"Darken your room, shut the door, empty your mind. Yet you are still in great company - the Numen and your Genius with all their media, and your host of elementals and ghosts of your dead loves- are there! They need no light by which to see, no words to speak, no motive to enact except through your own purely formed desire" -Austin Osman Spare, The Logomachy of Zos
Witches, and some Neopagan groups which are influenced by The Craft, observe eight festivals which they call "sabbats". Four of these fall on the solstices and equinoxes and are known as "quarter days or Lesser Sabbats". The other four fall (approximately) midway between these and are commonly known as "cross-quarter days," "fire festivals," or Greater Sabbats. The "quarter days" are loosely based or named after the Germanic festivals, and the "cross-quarter days" are similarly inspired by the Gaelic fire festivals. However, modern interpretations vary widely, so Witches may celebrate and conceptualize these festivals in very different ways, often having little in common with the cultural festivals outside of the adopted name.

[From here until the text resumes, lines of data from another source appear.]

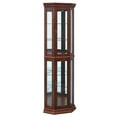 thumbnail image 6 of BELLEZE Lorona Floor Standing 5 Sided Lighted Corner Curio Cabinet, Walnut, 6 of 6
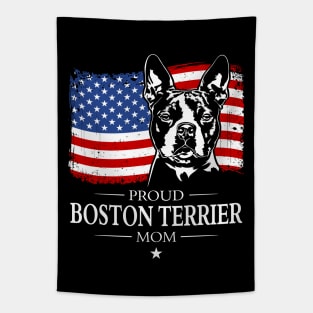 Proud Boston Terrier Mom American Flag patriotic dog Tapestry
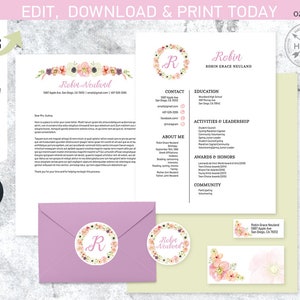 EDITABLE Paquete de reclutamiento de hermandad. Paquete MIDI. Reanudar la pegatina de la carta de presentación. Corona de acuarela. Descarga instantánea. Editado por ti. SOR021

The system of eight yearly festivals held on these dates is unknown in older pagan calendars, and originated in the modern Witchcraft. The eight major festivals (or "sabbats") are distinct from the "esbats", which are additional meetings, usually smaller celebrations or coven meetings, held on full or new moons
WINTER SOLSTICE December 21st:The celebration of the winter solstice, the shortest day of the year. It is the celebration rebirth of the Sun, which is the promise of spring and life even on this the darkest day. Therefore some consider this the new year. The burning of the log is to give the Sun strength. Mumming (plays) such as "St. George" is a Pagan survival , it represents the rebirth of the God. Wassailing or is also a Pagan custom. The Roman festival of the Solstice was Saturnalia, which lasted from December 17th to the 24th.
IMBOLC - Cross-quarter day- February 2: February is a purifactory month, bonfires are held now. In the Christian calendar this festival was converted to the Feast of the Purification of the Virgin (Mary). Candles for the following year were purified in the western church - therefore we get the name Candlemas.
VERNAL EQUINOX March 20 / 21: The celebration of the Vernal (Spring) Equinox. Day & Night are equal length. It is a time for planting and celebrating the first signs of fertility and rebirth. Symbols of Ostara like eggs, chicks, and rabbits have been adopted by Christians in their Easter holiday. The word, Easter is from the goddess Eostra, Ishtar or Astarte.
BELTANE - Cross-quarter day - May 1: May Day.Beltane celebrates the Marriage of the Goddess and the God,the goddess is thought to conceive the Divine Child at this time,to which she will give birth to at Yule. The maypole dance is symbolic of the union of the goddess and the god . Pagan Handfastings occur at this time.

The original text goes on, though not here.